Additionally, “sad” isn’t just one thing; is the vocalist quiet, or shouting? Are they crying? Crying and shouting at the same time? Is their voice trembling? There are a number of widely varying sounds that could be interpreted as “sad”.
I can’t provide a single “do this to make it sound sad”, but this is a general list of things you can consider:
One clear option is to use any Dark or Bright vocal mode available to you. Those will be the simplest approach since they’re specifically mimicking the original voice provider’s tonal flexibility.
Brightness (or lack thereof) beyond vocal modes
When people are excited they will often unconsciously adjust the resonance of their vocal tract to sound more “bright”.
In addition to vocal modes, this can be accomplished with subtle use of Tone Shift, Gender, and different EQ in the mixing phase.
Higher Tone Shift and lower Gender can often sound more energetic or positive, while the opposite can sound more melancholy. These are things that correlate with the natural changes to vocal tract resonance that tend to happen when people are either excited or sad.
Also, a lot of modern mixing focuses on brightening a voice, so try to find a different EQ curve that suits the mood.
Breathiness can play a big part too.

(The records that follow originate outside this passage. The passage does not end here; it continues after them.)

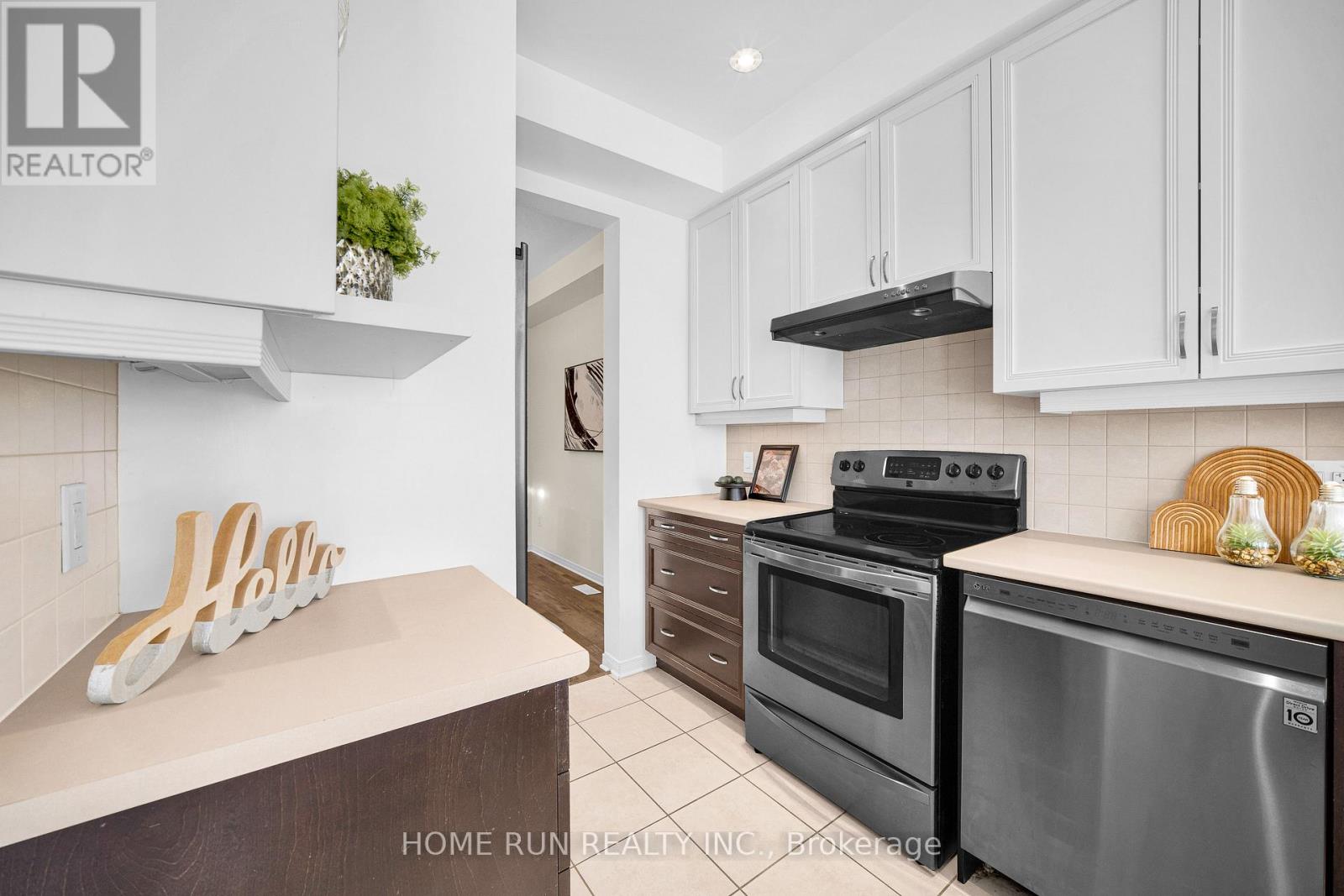 636 Pamplona Private, Ottawa, Ontario  K2J 5T4 - Photo 17 - X12937664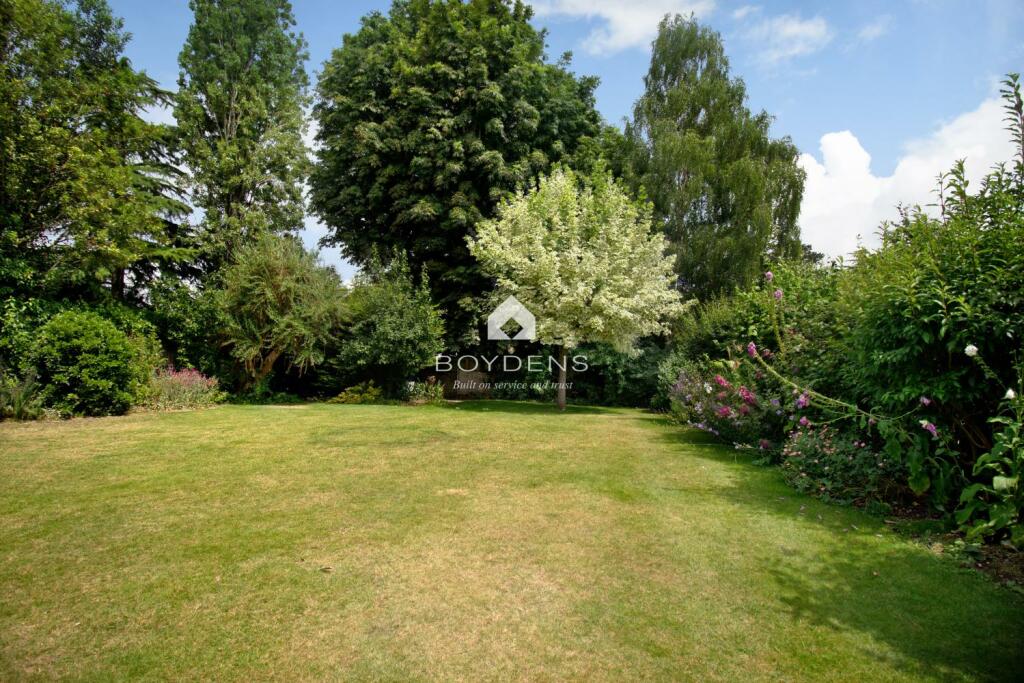 Additional image 17 of Oaks Drive, Colchester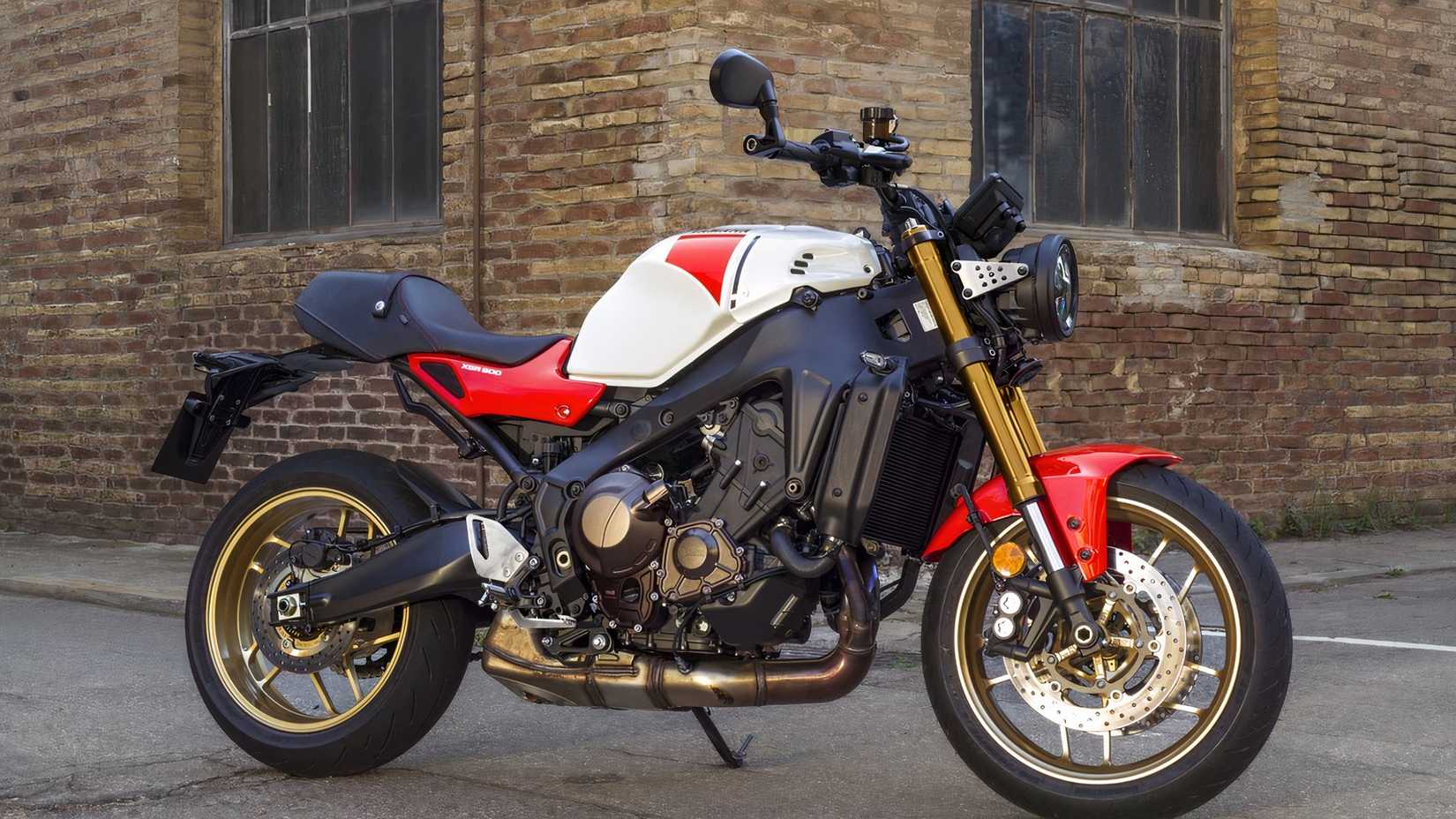 Yamaha XSR900 estacionada na cidade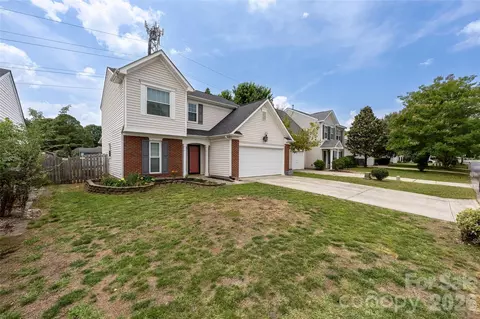 9535 Forest Path Dr, Charlotte, NC 28269
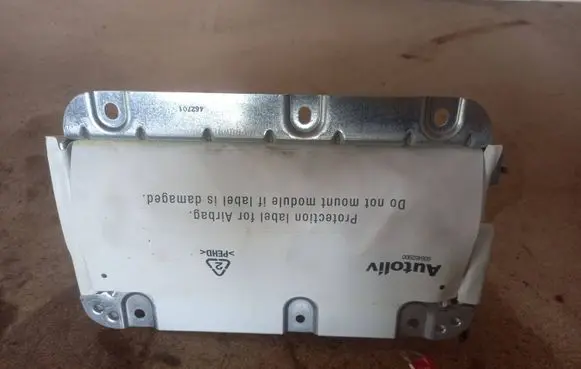Volvo V70 Passenger airbag 31271211 605650100 607561400
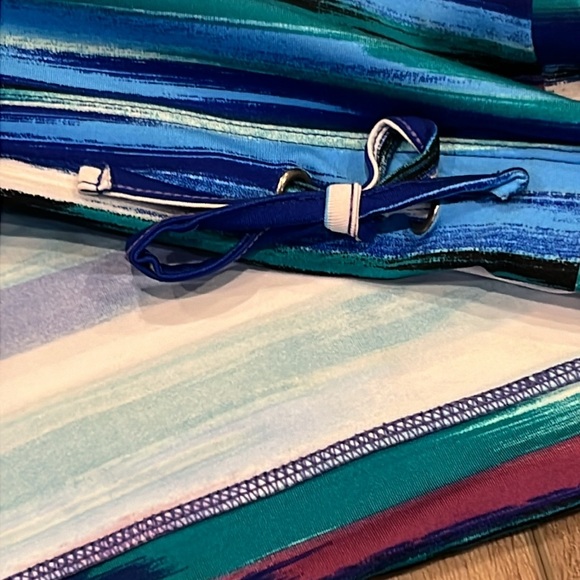 Athleta Racerback Swim or Athletic Tank Adjustable Waist Tie Size Medium - Picture 6 of 9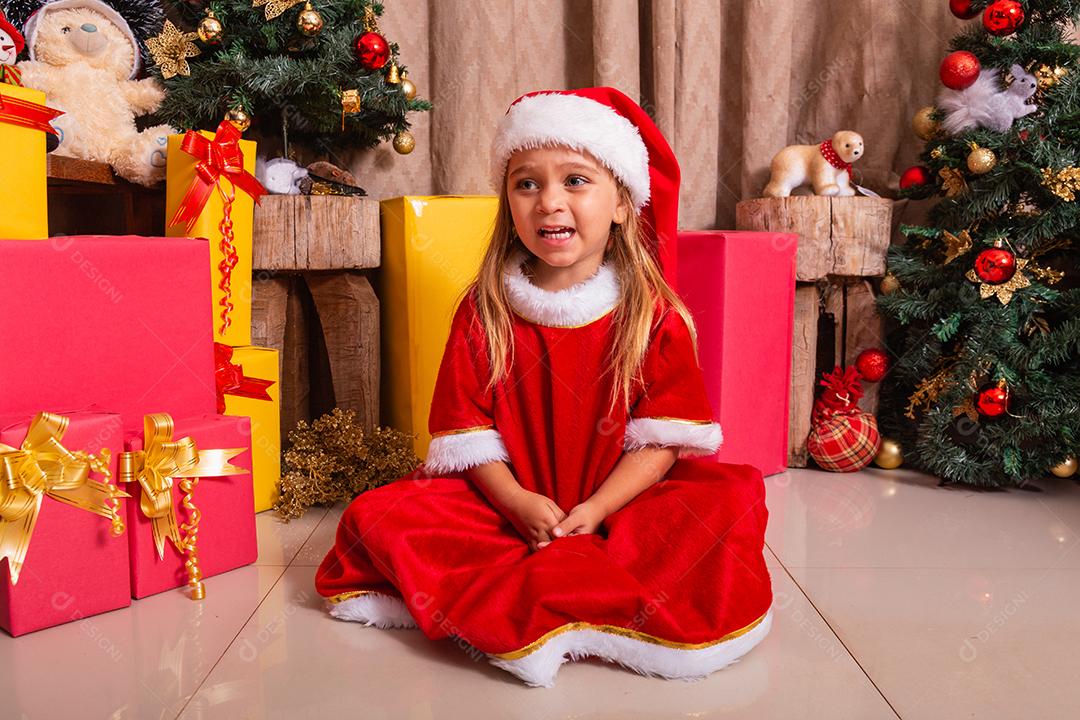 Adorável menina criança vestida com roupa de natal.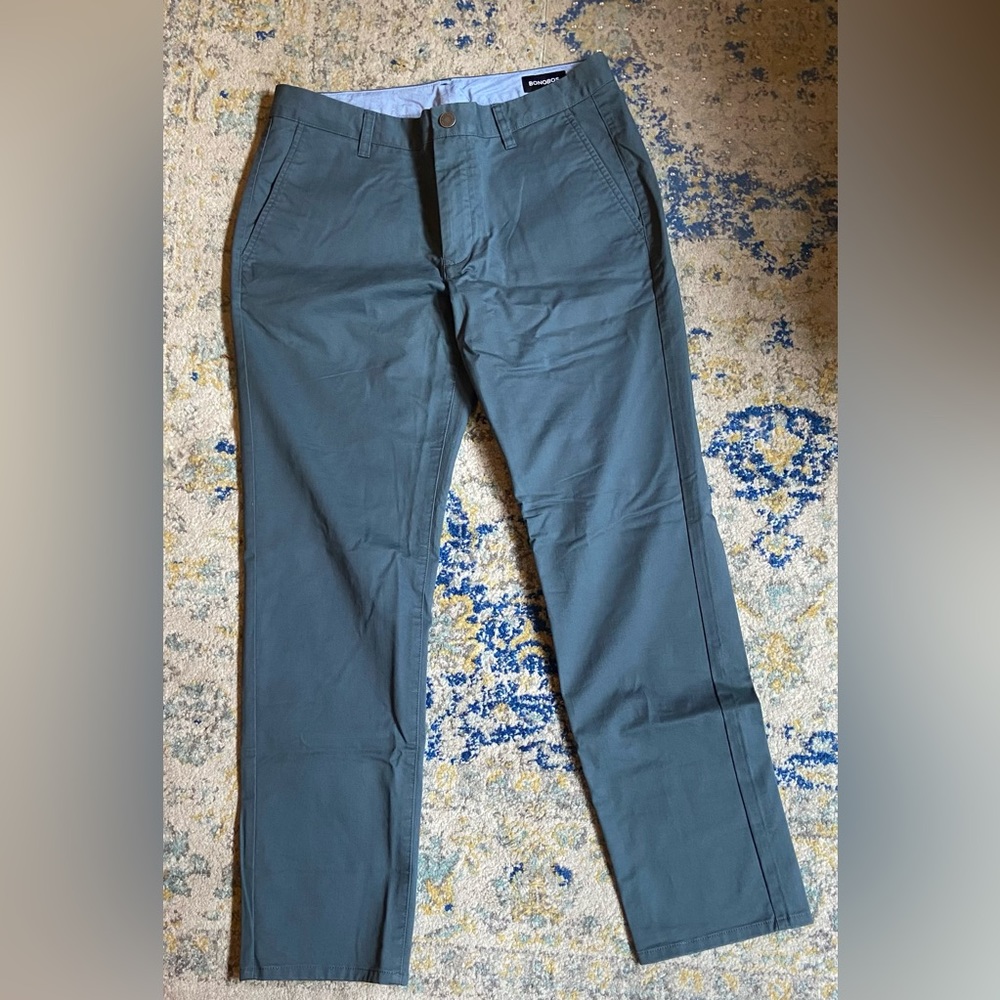 Bonobos Original Stretch Washed Chinos in Slim 32 Waist / 30 Length.
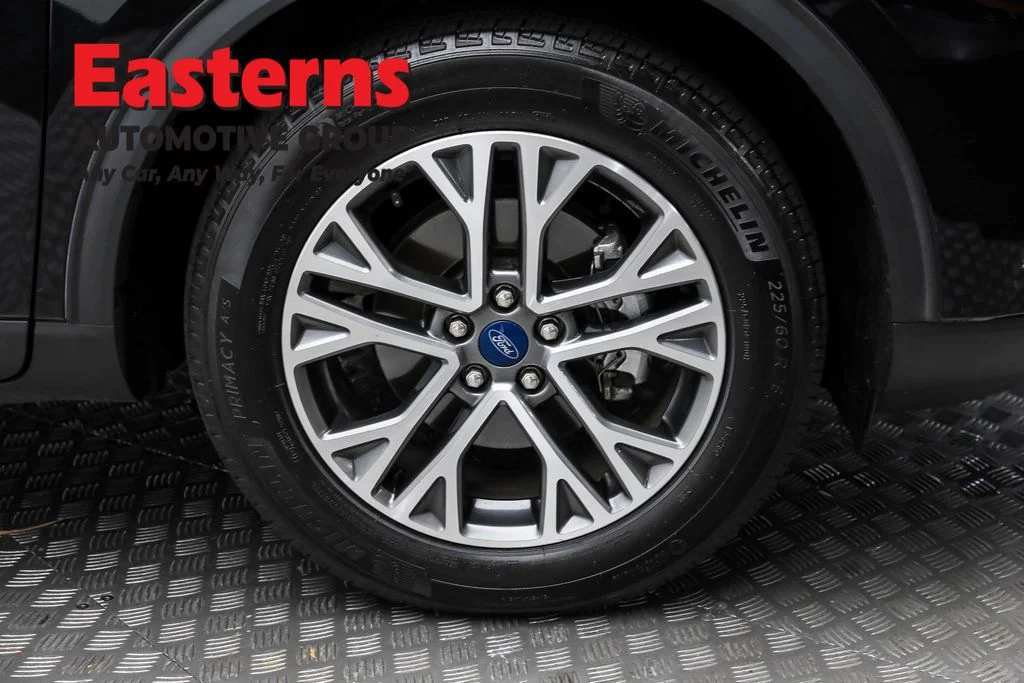Used 2021 Black Ford SEL image 30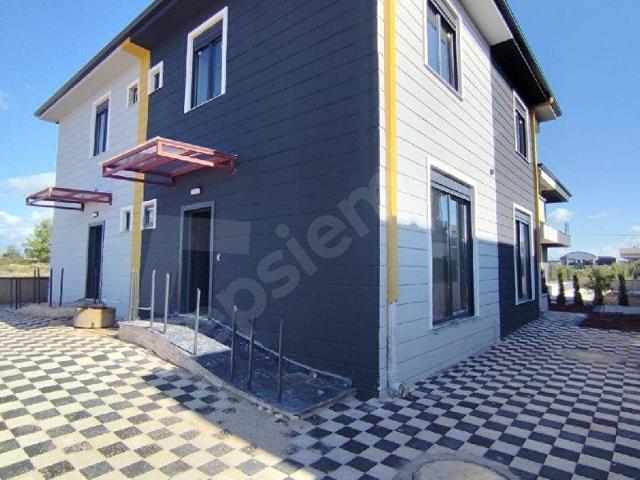 DÖŞEMEALTINDA YERDEN ISITMALI SIFIR 3+1 GİYİNME ODALI MODERN İKİZ VİLLA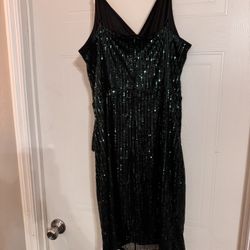 Black And Green Sparkling Short Dress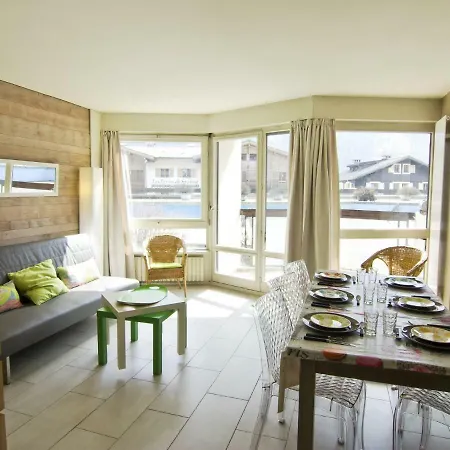 Appartamento Luxurious With Swimming Pool Amidst The Rhone Alps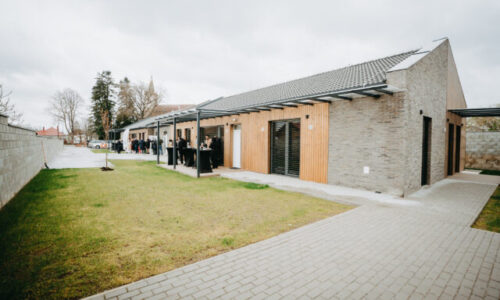 Klienti Centra sociálnych služieb v Medveďove vymenili veľkokapacitné zariadenie za domácnosti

If a vocalist is emotional or crying, they’ll probably run out of breath sooner.
This doesn’t mean to reduce the breathiness slider for the entire track mind you, but pay attention to the breathiness at the end of phrases or sustained notes, and maybe increase the loudness of your breath notes (and include more of them). You could also have a sudden increase in breathiness at the end of a sustained note to sound like the vocalist is expending their last bit of breath.
Tension and loudness
Tension is pretty self-explanatory, but if you’ve never experimented with your own vocals I’d recommend saying “aaaaahhhh” or other vowel sounds with varying levels or relaxedness. Listen to the results, both in terms of airflow but also in how it changes to tone.
If it’s an emotion that could cause a “wavering” voice, consider adding some fluctuations in both Tension and Loudness at certain points.
Also, if the vocalist is shouting in an emotional manner, they might have more aggressive onsets which could benefit from a slight increase in loudness at the start of the note.
But of course pitch is going to be one of the biggest factors. It is more difficult to sing accurately while emotional, so a vocalist might be more prone to overshooting a note and needing to correct it, or the pitch might go more flat at the end of a phrase.
If you have any vocal samples for reference, drop them into Melodyne and look for those sort of pitch patterns.
And for sad songs, consider whether the voice breaks or cracks at points. You can usually achieve these with quick spikes in pitch or voicing, but it can be rather situational, so give it a bit of trial and error. Again, if you have any vocal samples of this sort of thing, dropping them into Melodyne or another audio editor can help identify the traits of that sort of sound.
Of course vibrato is a one of the biggest parts of what makes music sound emotional. Despite the classic robotic sound, many Vocaloid and UTAU songs and covers touted as sounding “emotional” primarily have vibrato used at appropriate moments to achieve that end goal, of course along with various types of pitch transition. (Cillia’s cover of Kokoro Nashi is a clear example of an UTAU cover that has a sad/melancholic sound to the vocals)
Study reference material
The best thing you can do is train your ear to pick up on all these things in actual music, so that you can then translate those things into software terms. “Ear training” is commonly done to learn to transcribe music faster or more accurately, but usually this is focused on the notes as a whole rather than the nuances within each note. It’s rare that people pay attention to the specific factors relevant to vocal synthesis like moment-to-moment pitch changes and vocal tension.
Find a (human) vocalist you like that has released both happy and sad songs, listen to each, and try to pay attention to each of these points and how the two styles differ.